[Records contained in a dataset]
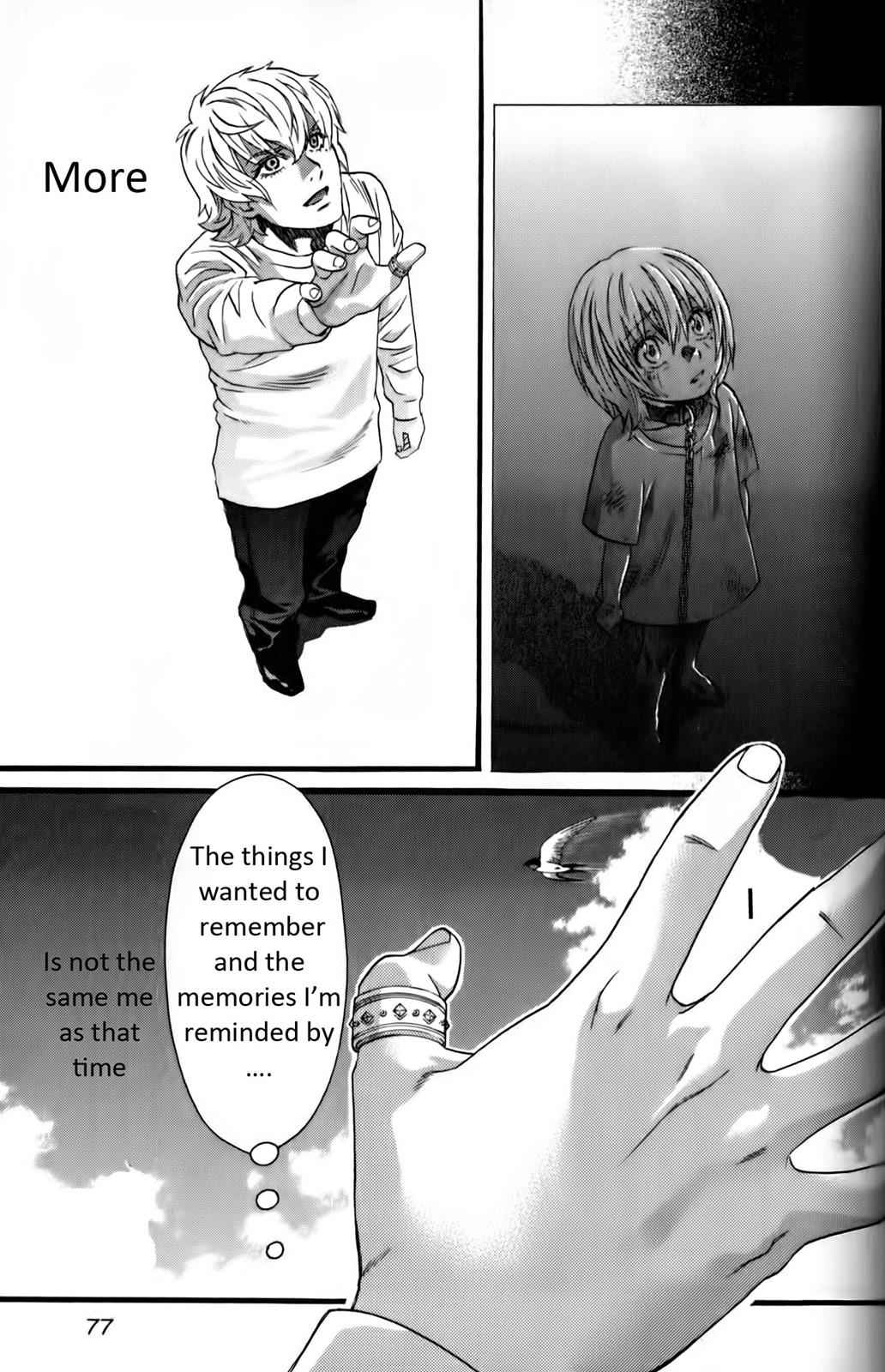 Cross and Crime Chapter 22 Page 4
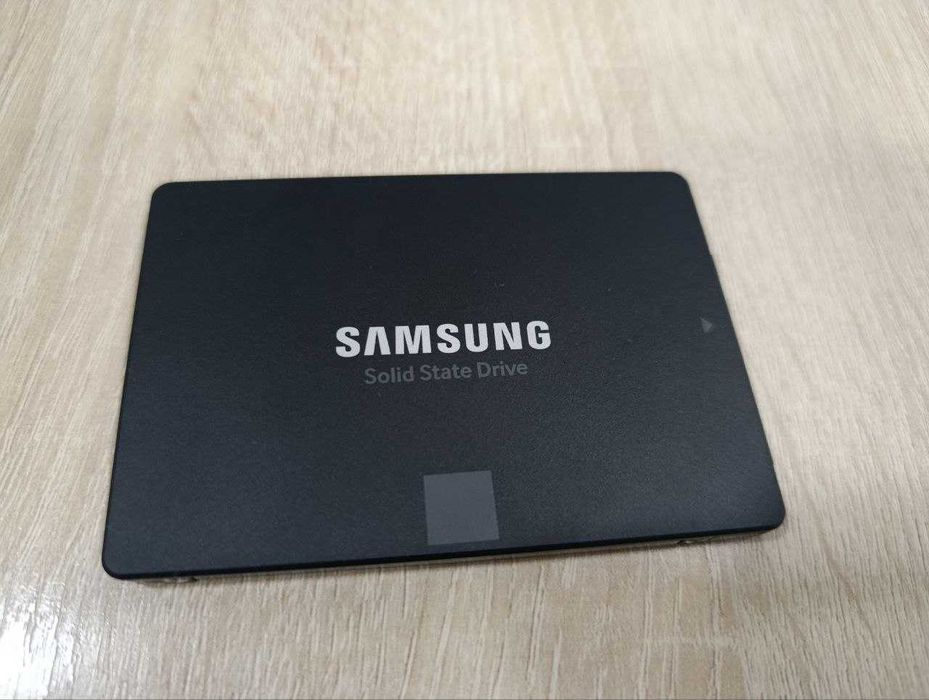 SSD Samsung 870 Evo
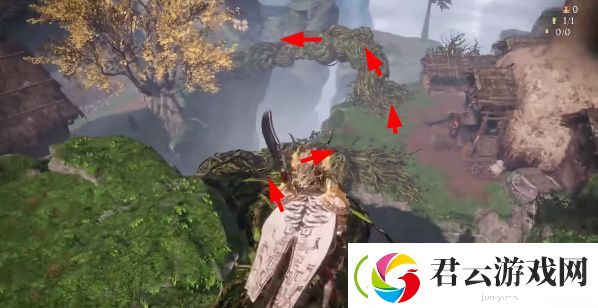 卧龙苍天陨落寻找夫君任务怎么做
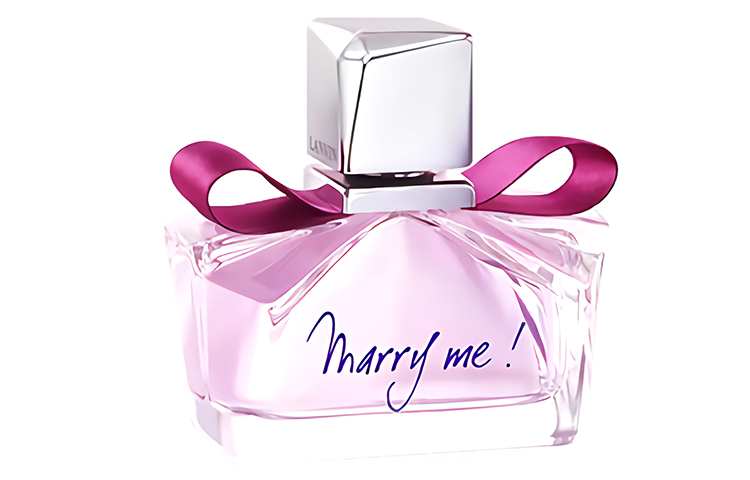 Lanvin Женские духи I Do фруктово-цветочные парфюмерная вода White Peach Mulan Flower 30мл/50мл/30мл*2 — фото 2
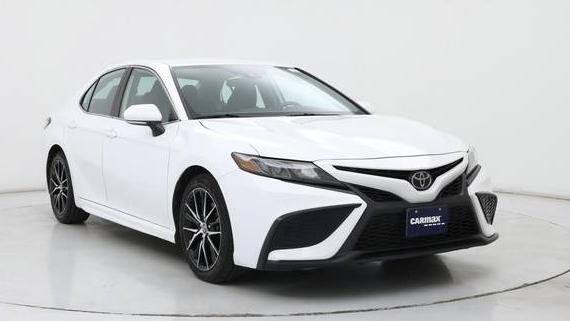 TOYOTA CAMRY 2022 4T1G11AK8NU708204 image TOYOTA CAMRY 2022 4T1G11AK8NU708204 image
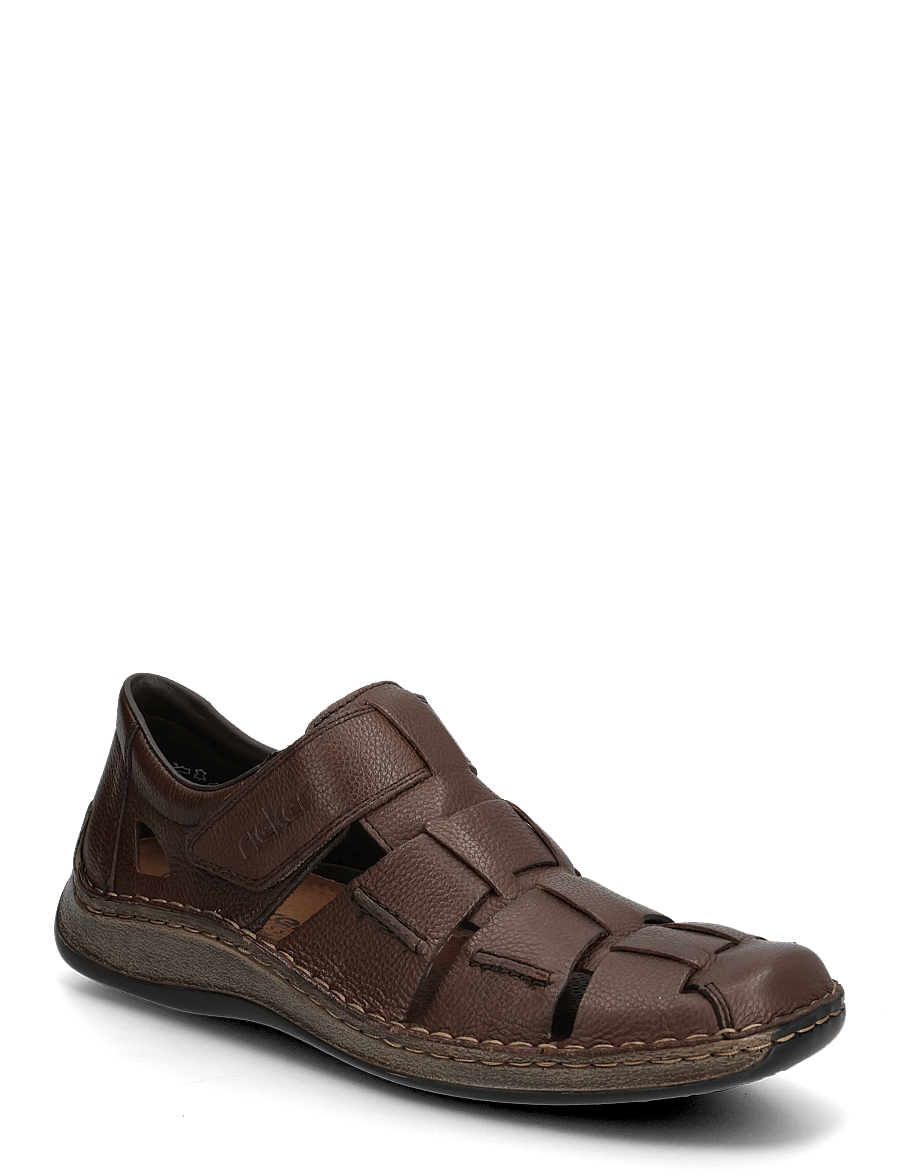 Rieker - 05281-25 - sandalen - brown - 0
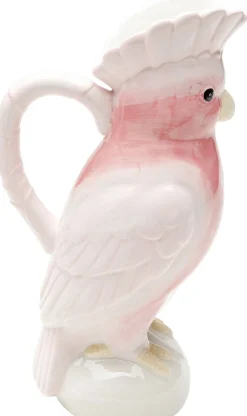 KARE Design Kannut*Exotic Bird Lintuaiheinen Karahvi 30cm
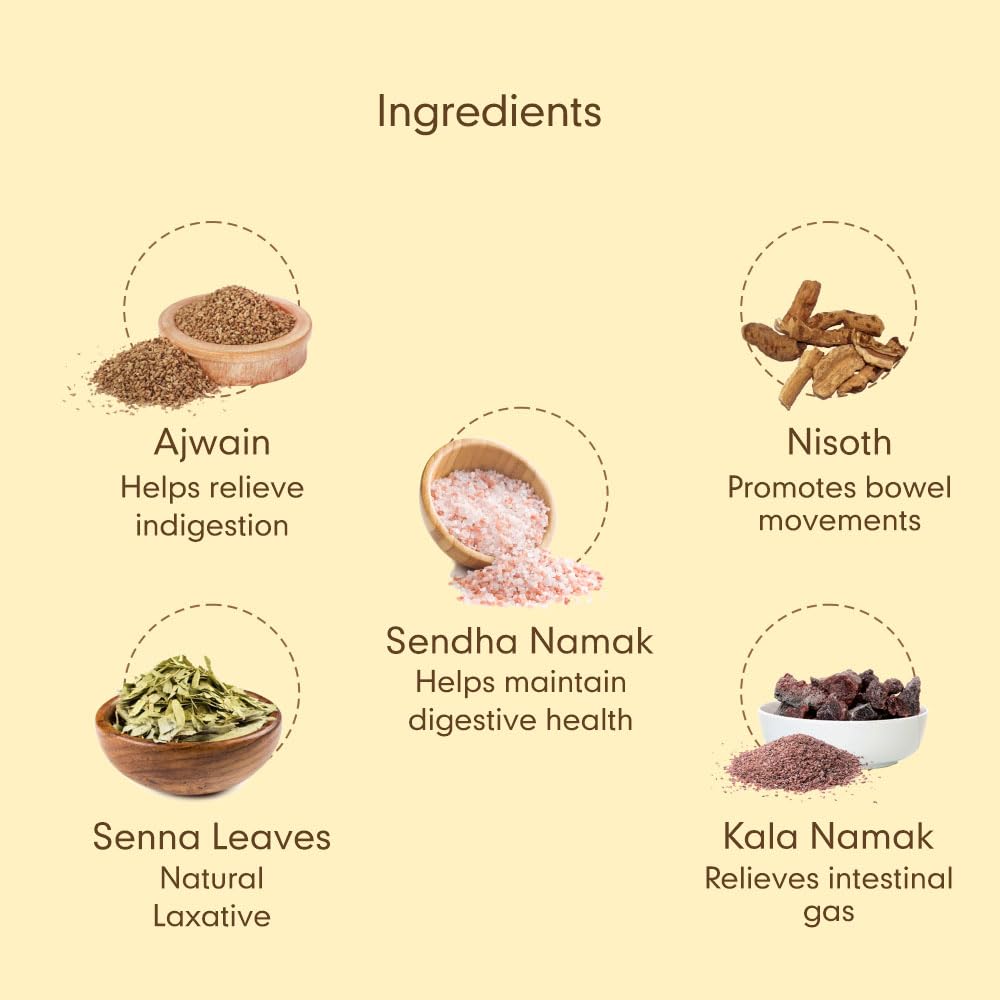 Pet Saffa Granules 120g × Pack of 3 | Natural Ayurvedic Laxative for Constipation & Digestive Relief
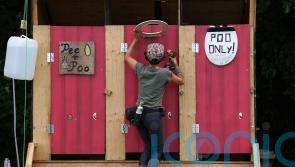 Climate camp activists: We want to have a discussion – not cause a disturbance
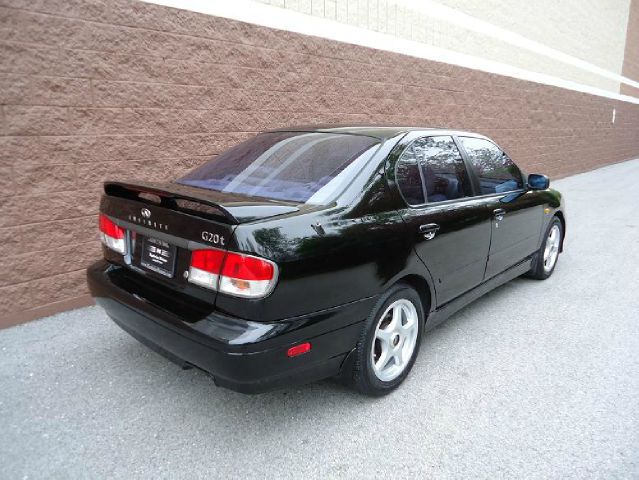 2000 Infiniti G20 3.5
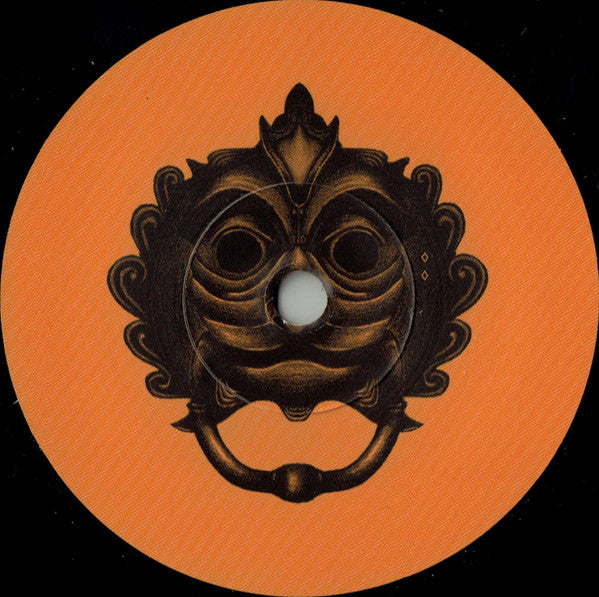 Burning Axis / Bodies On Everest : The Crawling King / Bar Window Theory (7", Single, Club, Ltd)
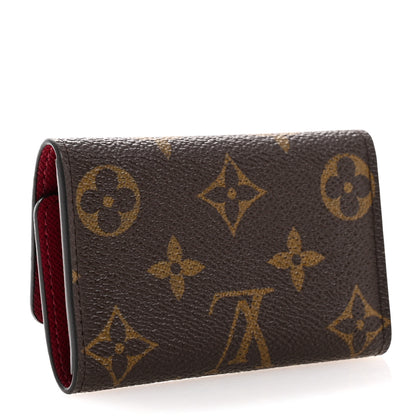 Louis Vuitton Monogram 6 Key Multicles Holder Fuchsia 3 of 10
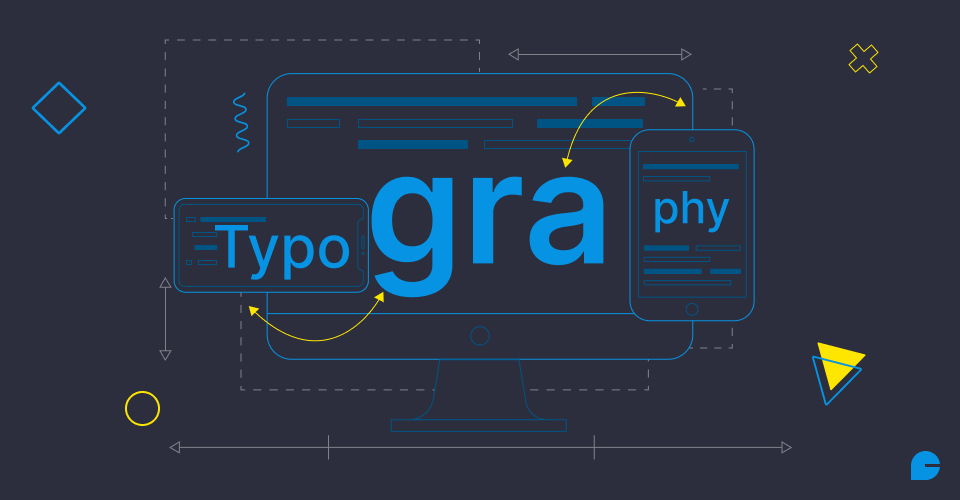 Web Design Typography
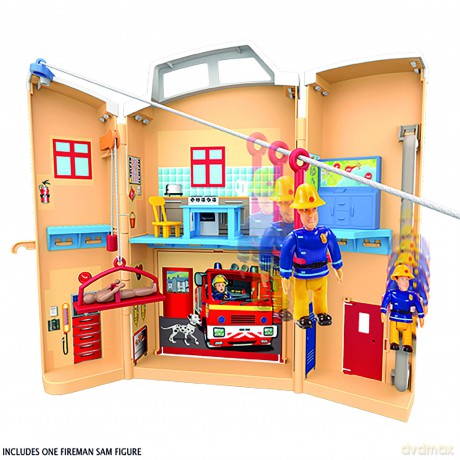 Fireman Sam - Fire Rescue Centre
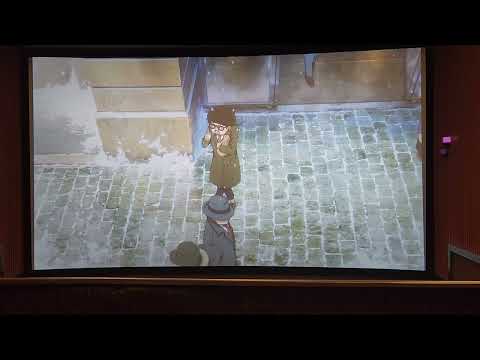 After Credit Scene: Spy X Family Code White (dub)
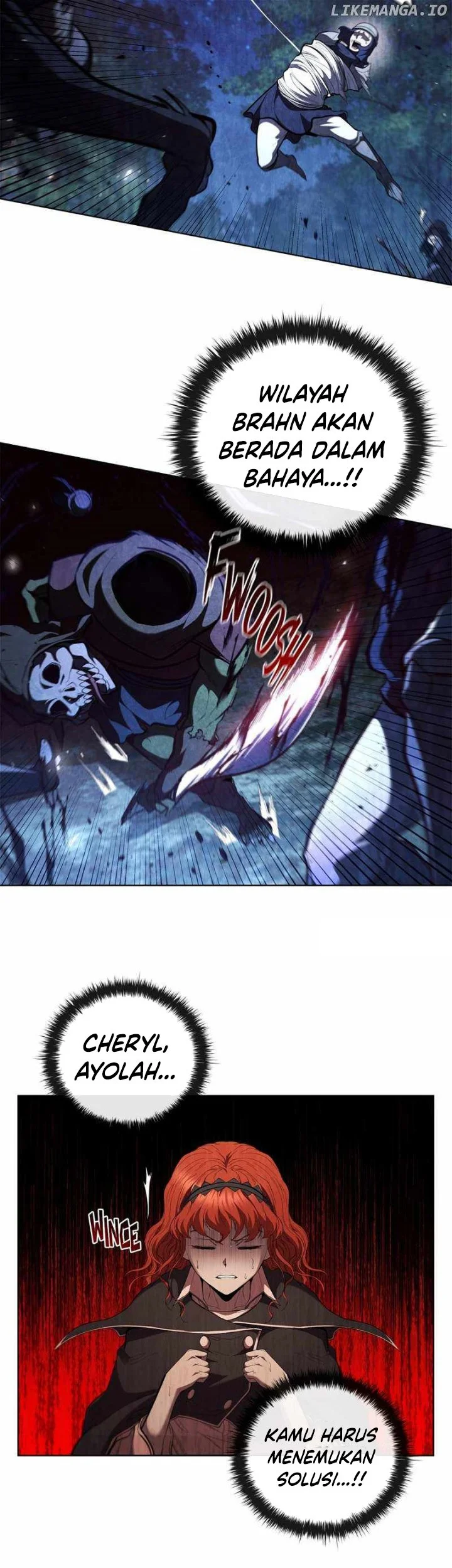 I Regressed As The Duke  (Returned as the Duke) Chapter 89 Gambar 50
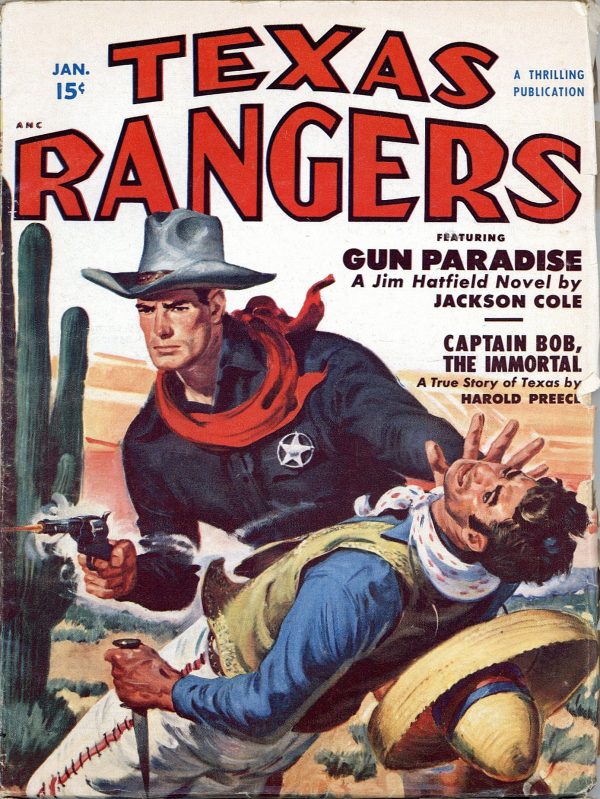 Texas Rangers January 1951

• **What to do**: From the first line of the records through the line with "Web Design Typography", reproduce each line exactly and leave the pictures out.

• **Response to this exercise**:
 Cross and Crime Chapter 22 Page 4
 SSD Samsung 870 Evo
 卧龙苍天陨落寻找夫君任务怎么做
 Lanvin Женские духи I Do фруктово-цветочные парфюмерная вода White Peach Mulan Flower 30мл/50мл/30мл*2 — фото 2
 TOYOTA CAMRY 2022 4T1G11AK8NU708204 image TOYOTA CAMRY 2022 4T1G11AK8NU708204 image
 Rieker - 05281-25 - sandalen - brown - 0
 KARE Design Kannut*Exotic Bird Lintuaiheinen Karahvi 30cm
 Pet Saffa Granules 120g × Pack of 3 | Natural Ayurvedic Laxative for Constipation & Digestive Relief
 Climate camp activists: We want to have a discussion – not cause a disturbance
 2000 Infiniti G20 3.5
 Burning Axis / Bodies On Everest : The Crawling King / Bar Window Theory (7", Single, Club, Ltd)
 Louis Vuitton Monogram 6 Key Multicles Holder Fuchsia 3 of 10
 Web Design Typography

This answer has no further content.